James H. Kline, San Marino, Cal., for respondent.

Mr. Justice DOUGLAS delivered the opinion of the Court.

We held in Chapman v. California, 386 U.S. 18, 87 S.Ct. 824, 17 L.Ed.2d 705 that 'before a federal constitutional error can be held harmless, the court must be able to declare a belief that it was harmless beyond a reasonable doubt.' Id., at 24, 87 S.Ct., at 828. We said that, although 'there are some constitutional rights so basic to a fair trial that their infraction can never be treated as harmless error' (id., at 23, 87 S.Ct., at 827), not all 'TRIAL ERRORS WHICH VIOLATE THE CONSTITUTion automatically call for reversaL.' Ibid.

The question whether the alleged error in the present case was 'harmless' under the rule of Chapman arose in a state trial for attempted robbery and first-degree murder. Four men were tried together—Harrington, a Caucasian, and Bosby, Rhone, and Cooper, Negroes—over an objection by Harrington that his trial should be severed. Each of his three codefendants confessed and their confessions were introduced at the trial with limiting instructions that the jury was to consider each confession only against the confessor. Rhone took the stand and Harrington's counsel cross-examined him. The other two did not take the stand.1

In Bruton v. United States, 391 U.S. 123, 88 S.Ct. 1620, 20 L.Ed.2d 476, a confession of a codefendant who did not take the stand was used against Bruton in a federal prosecution. We held that Bruton had been denied his rights under the Confrontation Clause of the Sixth Amendment. Since the Confrontation Clause is applicable as well in state trials by reason of the Due Process Clause of the Fourteenth Amendment (Pointer v. Texas, 380 U.S. 400, 85 S.Ct. 1065, 13 L.Ed.2d 923), the rule of Bruton applies here.

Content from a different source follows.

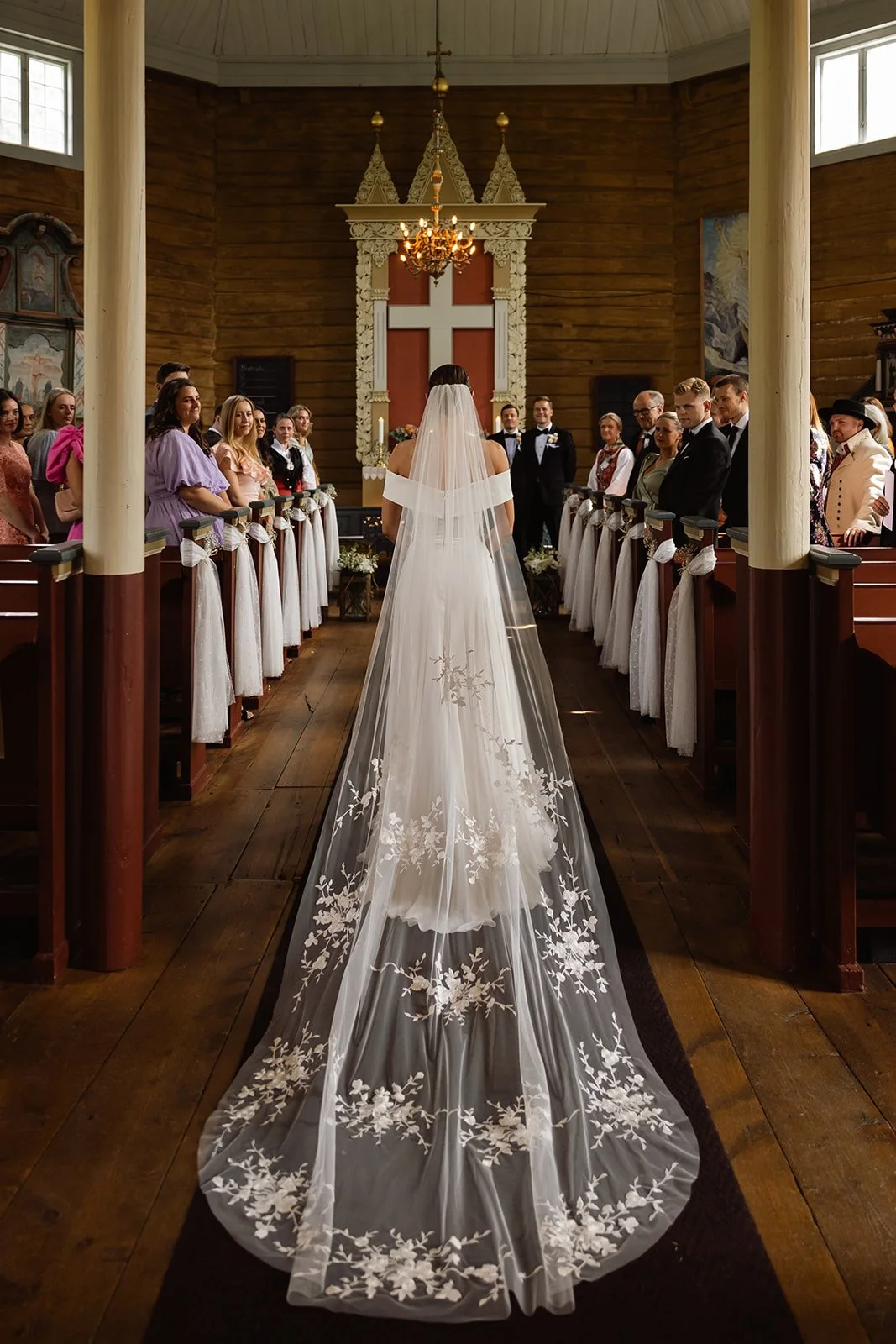 En brud i hvit kjole med langt, blomstret slør går ned midt i en kirke, omgitt av brudepiker og brudesvenner.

The California Court of Appeal affirmed the convictions, 256 Cal.App.2d 209, 64 Cal.Rptr. 159, and the Supreme Court denied a petition for a hearing. We granted the petition for certiorari to consider whether the violation of Bruton was on these special facts harmless error under Chapman.

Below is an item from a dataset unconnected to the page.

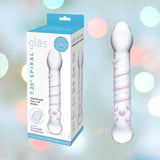 Product image of the "Gläs Spiral Staircase Full Tip G-Spot Glass Dildo." The packaging is on the left, showcasing the product name with a blue and white color scheme. The dildo itself is on the right, clear with a spiral design ideal for G-spot massage. The background features a soft focus with pastel-colored lights.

Petitioner made statements which fell short of a confession but which placed him at the scene of the crime. He admitted that Bosby was the trigger man that he fled with the other three; and that after the murder he dyed his hair black and shaved off his moustache. Several eyewitnesses placed petitioner at the scene of the crime. But two of them had previously told the police that four Negroes committed the crime. Rhone's confession, however, placed Harrington inside the store with a gun at the time of the attempted robbery and murder.

Cooper's confession did not refer o Harrington by name. He referred to the fourth man as 'the white boy' or 'this white guy.' And he described him by age, height, and weight.

Bosby's confession likewise did not mention Harrington by name but referred to him as a blond-headed fellow or 'the white guy' or 'the Patty.'

Both Cooper and Bosby said in their confessions that they did not see 'the white guy' with a gun, which is at variance with the testimony of the prosecution witnesses.

Petitioner argues that it is irrelevant that he was not named in Cooper's and Bosby's confessions, that reference to 'the white guy' made it as clear as pointing and shouting that the person referred to was the white man in the dock with the three Negroes. We make the same assumption. But we conclude that on these special facts the lack of opportunity to cross-examine Cooper and Bosby constituted harmless error under the rule of Chapman.

Rhone, whom Harrington's counsel cross-examined, placed him in the store with a gun at the time of the murder. Harrington himself agreed he was there. Others testified he had a gun and was an active participant. Cooper and Bosby did not put a gun in his hands when he denied it.2 They did place him at the scene of the crime. But others, including Harrington himself, did the same. Their evidence, supplied through their confessions, was of course cumulative. But apart from them the case against Harrington was so overwhelming that we conclude that this violation of Bruton was harmless beyond a reasonable doubt, unless we adopt the minority view in Chapman (386 U.S. at 42—45, 87 S.Ct., at 836—838) that a departure from constitutional procedures should result in an automatic reversal, regardless of the weight of the evidence.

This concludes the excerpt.